— Stored data —
..........
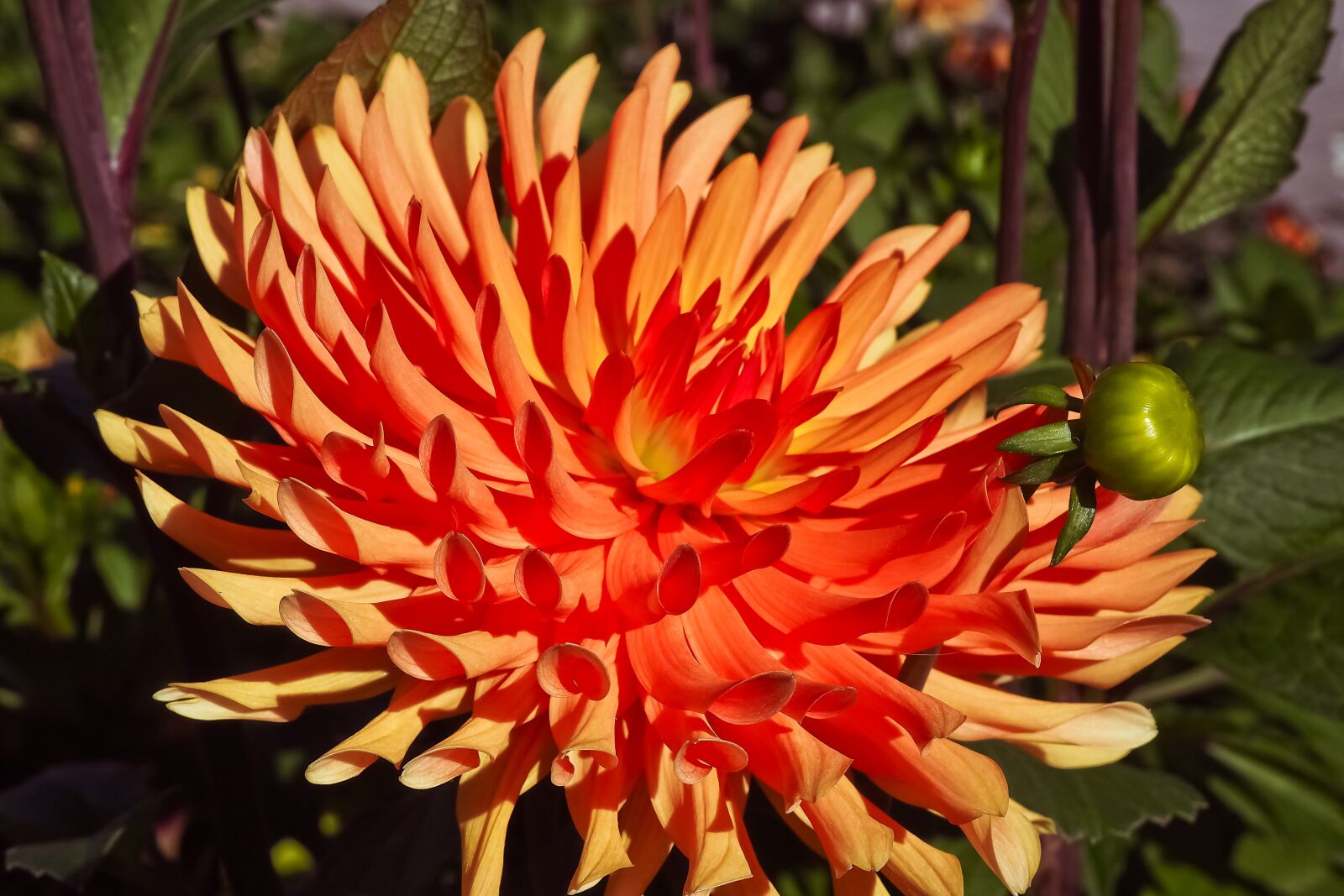 Olympus OM-D E-M10 sample photo. Flower, dahlia, blossom photography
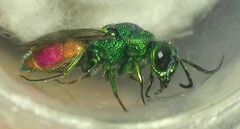 Chrysidinae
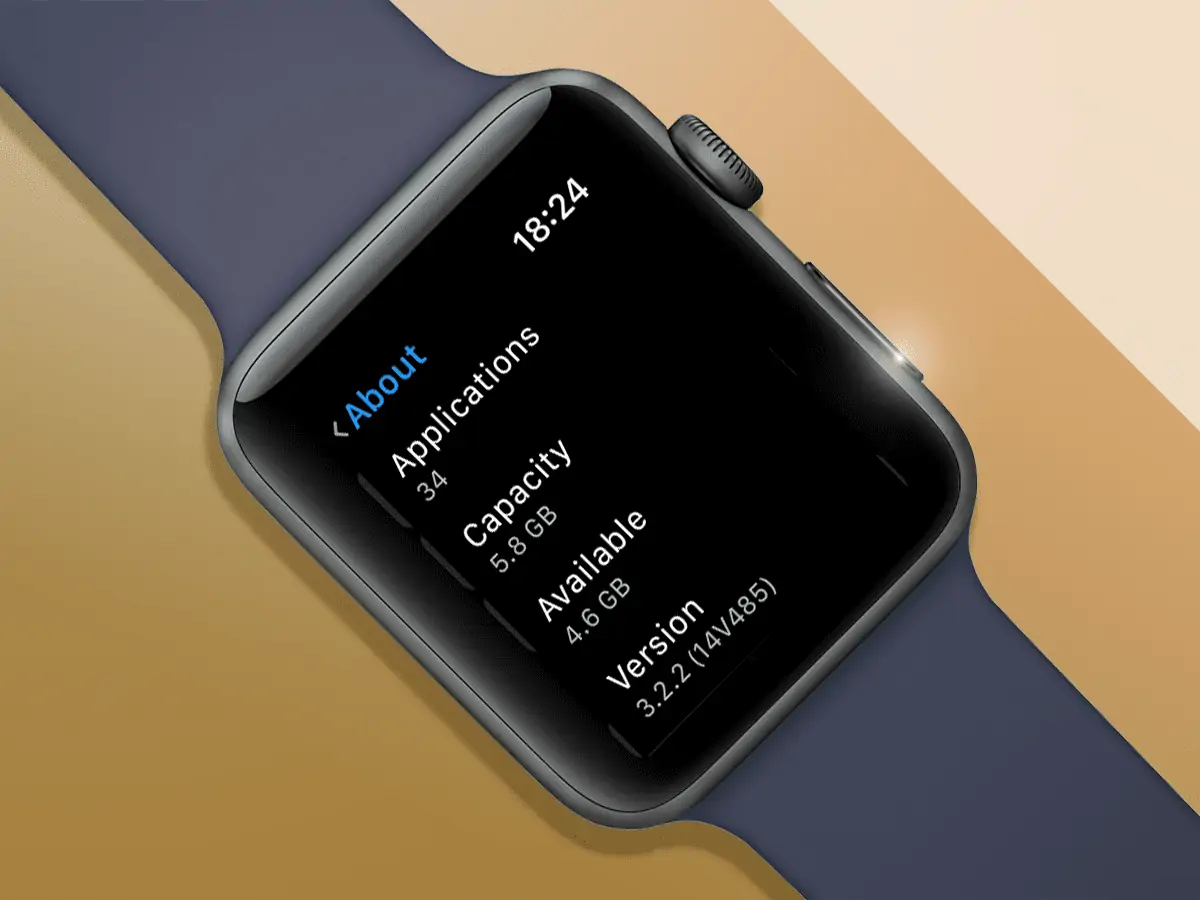 How to Check the Storage of Apple Watch?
..........
Every line above should be copied exactly, apart from any pictures.

— Exercise result —
 Olympus OM-D E-M10 sample photo. Flower, dahlia, blossom photography
 Chrysidinae
 How to Check the Storage of Apple Watch?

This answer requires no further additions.